Budhia Singh

Personal information
- Nationality: Indian
- Born: 2002 (age 23–24) Bhubaneswar, Khurdha District, Odisha

Sport
- Sport: Marathon

= Budhia Singh =

Indian long-distance runner

Budhia Singh (born 2002) is an Indian long-distance runner who became notable for his athletic feats as a child. He has been acclaimed as the world's youngest marathon runner. He ran from Puri to Bhubaneswar at the age of five covering 65 km in seven hours and two minutes and was listed as the world's youngest marathon runner in the 2006 edition of the Limca Book of Records, an Indian records book. He was given a Rajiv Gandhi Award for excellence in 2006.

==Early life==
Budhia Singh was born in Orissa in 2002. His mother, Sukanti, works as a caretaker in a hostel at Kalinga Institute of Industrial Technology. His father died at an early age. He has three sisters: Rashmita, Nivedita and Sasmita.

As a consequence of their poverty, Budhia Singh was allegedly sold by his mother to a travelling salesman for ₹850 at the age of two. Because of the ill-treatment thereafter, his mother sought out Biranchi Das, a local judo coach and orphanage operator, and asked him to take the boy on. Biranchi reimbursed the salesman's purchase price of Singh and the child came to live with Das and his other orphans at a local Judo Hall. Singh's mother disputes this version of events, saying "We did not have anything but yet, I never sold [him]." Singh himself claims that he met Das after attending his sister's judo class, and that Das never ran an orphanage, although he did sometimes allow his students to stay at the gym.

One day, Das caught Singh hitting his sister, Sasmita. He punished him by making him run, but then forgot about him; he returned after five hours to find Singh was still running. After a medical check up his heart was found to be normal even after running for hours. He then began to train him to run marathons.
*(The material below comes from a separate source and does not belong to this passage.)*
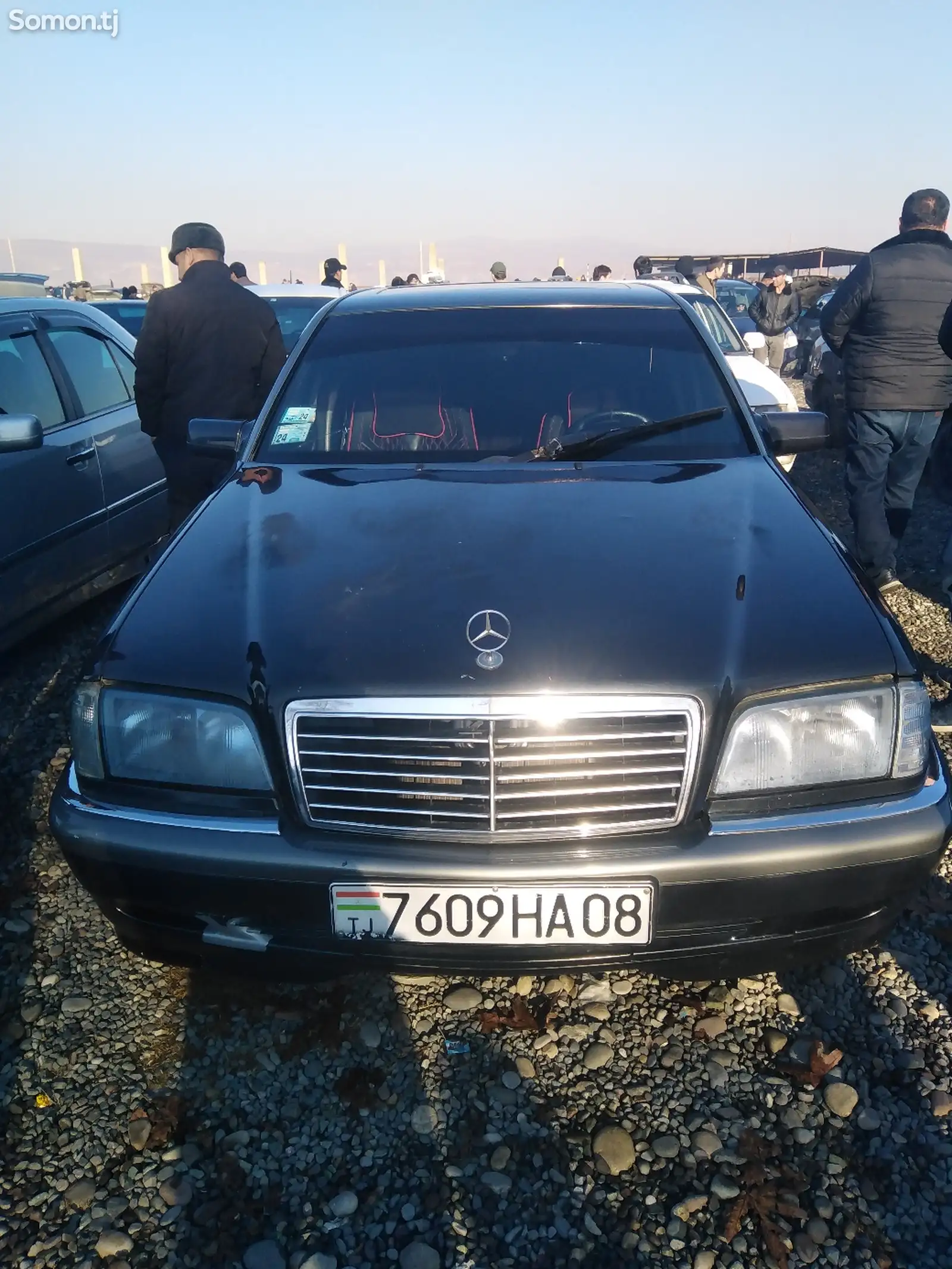 Mercedes-Benz C class, 1995-1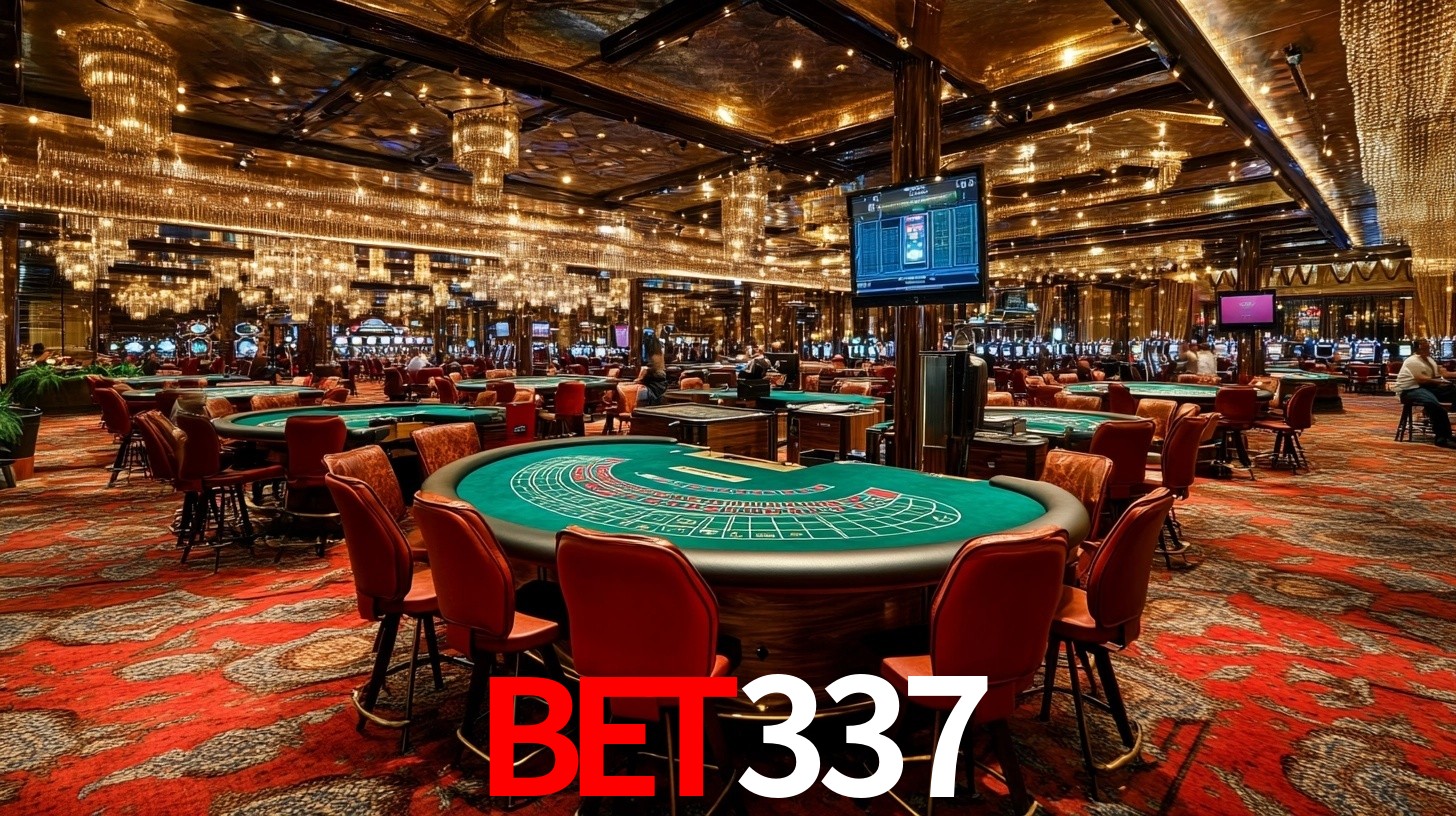 bet337: Seu Especialista em Apostas Esportivas Brasileiras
By the age of four, Budhia had run and completed 50 marathons. After running a record-breaking marathon, Budhia was admitted to the SAI sports hostel in Bhubaneswar. However, he "felt like he was lodged in a jail." After staying in the hostel for almost nine years, Budhia is now at home, living with his mother, Sukanti Singh, and his sisters.

==Career and controversy==
Budhia's running ability has led to celebrity status and he appeared in a number of television commercials. These commercials and Budhia's fame allegedly led to significant financial gains for Das, which led to accusations of exploitation. An inquiry by Indian child welfare officials was launched in January 2006; Das refuted the allegations.

A feature-length documentary called Marathon Boy was released in 2011 that focused on Singh and Das's relationship over a five-year period from 2006. The documentary was funded by HBO & BBC Storyville, and was nominated for an Emmy. In the film, Budhia makes a withdrawal of his accusations against Das.

Singh was no longer running long distances by the age of 13 in 2015, and was running one or two hours of conditional training per day. Singh himself has said that he would like to one day represent India at the Olympics in the men's marathon.

==Murder of Biranchi Das==
Das was shot dead at Buxi Jagabandhu Bidyadhar College on the evening of 13 April 2008. According to police, Das was sitting inside the judo centre with friends after a training session at the time of the attack. Das's murder was not related to his treatment of Singh; it resulted after Das incurred the wrath of a gangster, Raja Acharya, after Das reportedly tried to defend a model, Leslie Tripathy, who was allegedly being harassed by Raja. Das's murderers, Sandeep Acharya (alias Raja), and his associate, Akshya Behera, (alias Chagala) were sentenced to life imprisonment in December 2010. The sports hostel Singh was staying at did not allow him to attend Das's funeral.

==Biographical film==
A biographical film of Singh and Das's relationship, Budhia Singh – Born to Run, was directed by Soumendra Padhi and released in 2016. It starred Mayur Patole as Singh and Manoj Bajpayee as Das. The Film won the Best Children's Film award at the 63rd National Film Awards.